Imma stream of consciousness this post today.
this doesn’t count as a favorite…
since when is the green lifesaver watermelon? I bought my first roll of non butterscotch lifesavers in easily… I mean, when did they have the mini holes candies? because that long.
but speaking of misandry (which is also not a favorite) – I had a whole ‘year of the woman writer’ in 2018. Not every voice was perfect but I’m OVER (over over over) boob-dimensional female characters written by men.
I got NO sleep last night because I couldn’t stop reading this book. It was ridiculous and as all over the place as this blog will be today. so it is fitting I include it.

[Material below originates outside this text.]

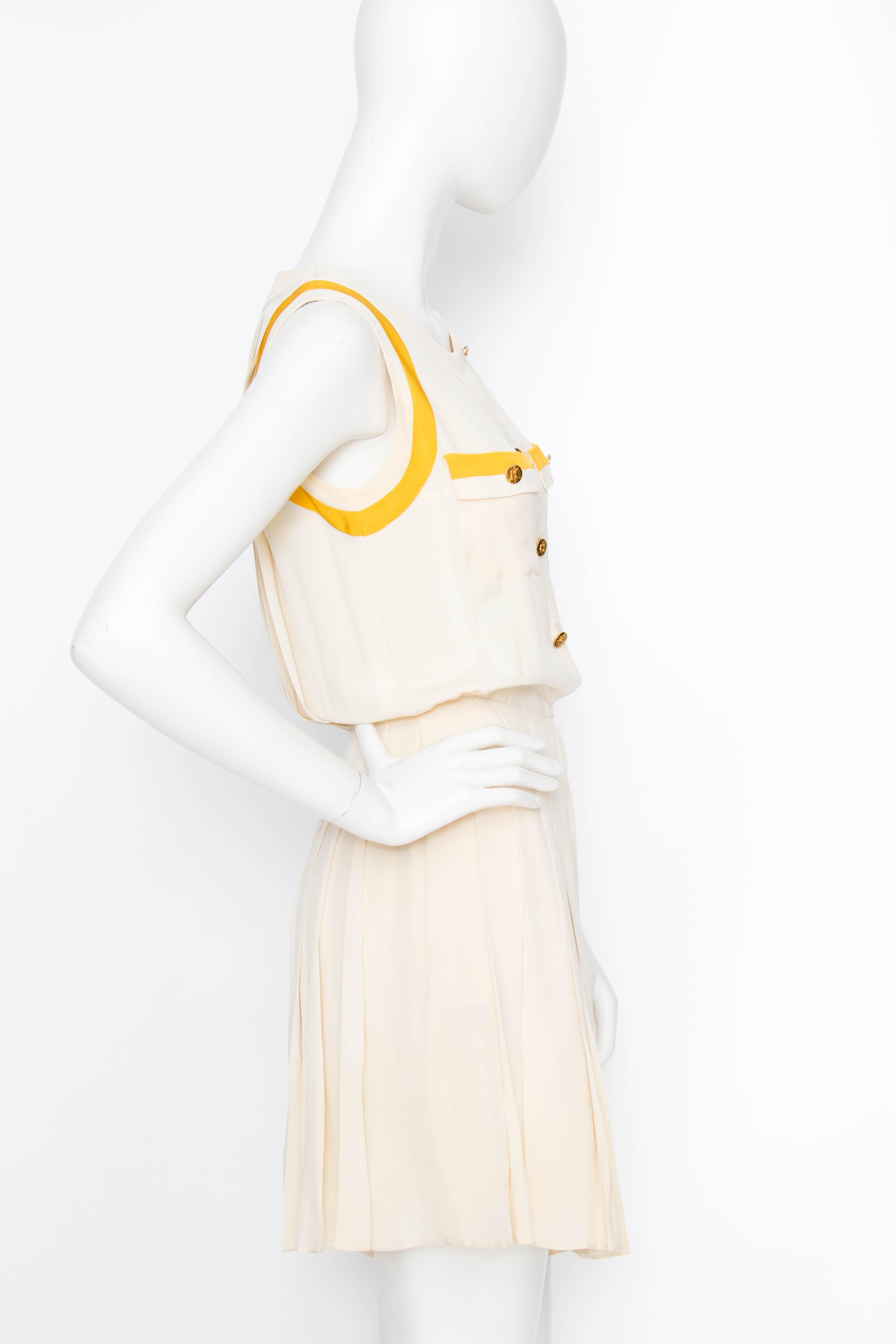A 1980s Chanel creme silk playsuit with yellow piping and gorgeous pleat detail on the back and shorts. Gold-toned Chanel engraved buttons adorn the button down front and the breast pockets. The suit comes with a matching yellow bolero that can be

(closer to 3-1/2 stars) I enjoyed this book, I stayed up until 2 this morning reading it, it was fast paced and interesting – but it was also incredibly frustrating. The men in Sarah’s life were atrocious, she makes terrible decisions, her dogs need leashes, her doors need locks. Beyond that though, solid storytelling with a likable, albeit infuriating, main character.
I look EVERYTHING up.
before the internet I was a big fan of the card catalogue, the encyclopedia, the reference book. I need to know things and with this glorious anxiety the more information I have the better – how often should I blog? how do I blog? how do I say no to someone who asks to be a houseguest? what is a triple net lease? how do I tell my coworkers I’m leaving my job? what is the difference between an LLC and a Sole Proprietorship? how do I start an art collection? what are the hipster neighborhoods in Orlando? where are the best brunch spots in Orlando? when will there be a Chuy’s in Massachusetts? what information should be on a business card? how do you name a company?

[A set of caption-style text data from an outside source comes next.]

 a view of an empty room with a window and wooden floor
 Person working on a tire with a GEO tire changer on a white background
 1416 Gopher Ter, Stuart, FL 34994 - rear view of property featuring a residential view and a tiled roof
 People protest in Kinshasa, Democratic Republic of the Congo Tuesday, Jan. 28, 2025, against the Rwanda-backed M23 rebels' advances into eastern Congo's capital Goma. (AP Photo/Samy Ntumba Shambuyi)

see what I did there? I still haven’t figured out how to tell all of my coworkers that I’m leaving my job at the end of the year.
I love this job, I love this company, I love my coworkers. But it is time for a change.
I’m starting my own company, staying in the industry I’ve been working in for the last 5 years. I’m taking January and February off, I’ve rented a place in Florida for 5 weeks, and I am going to bust out some strategy in the sunshine. (14 miles from the Magic Kingdom because who are we kidding?) I’m freaking the fork out. But I’m 42 and next year both of my kids will be in college, it is time to figure out what I’m going to do when I grow up.
Introducing the Pantone Color of the Year 2019, PANTONE 16-1546 Living Coral – an animating and life-affirming coral hue with a golden undertone that energizes and enlivens with a softer edge. Sociable and spirited, the engaging nature of Living Coral welcomes and encourages lighthearted activity. Symbolizing our innate need for optimism and joyful pursuits, Living Coral embodies our desire for playful expression. #COY2019
I want lighthearted activity. Remember lighthearted activity?
brb, gotta figure out how to tell my coworkers I’m leaving the company at the end of the year…
It’s weird to get to a place where you don’t want anything. but I don’t. I don’t want a single thing. I have EVERYTHING I need. I have MORE THAN I NEED. I am getting rid of things at a steady pace.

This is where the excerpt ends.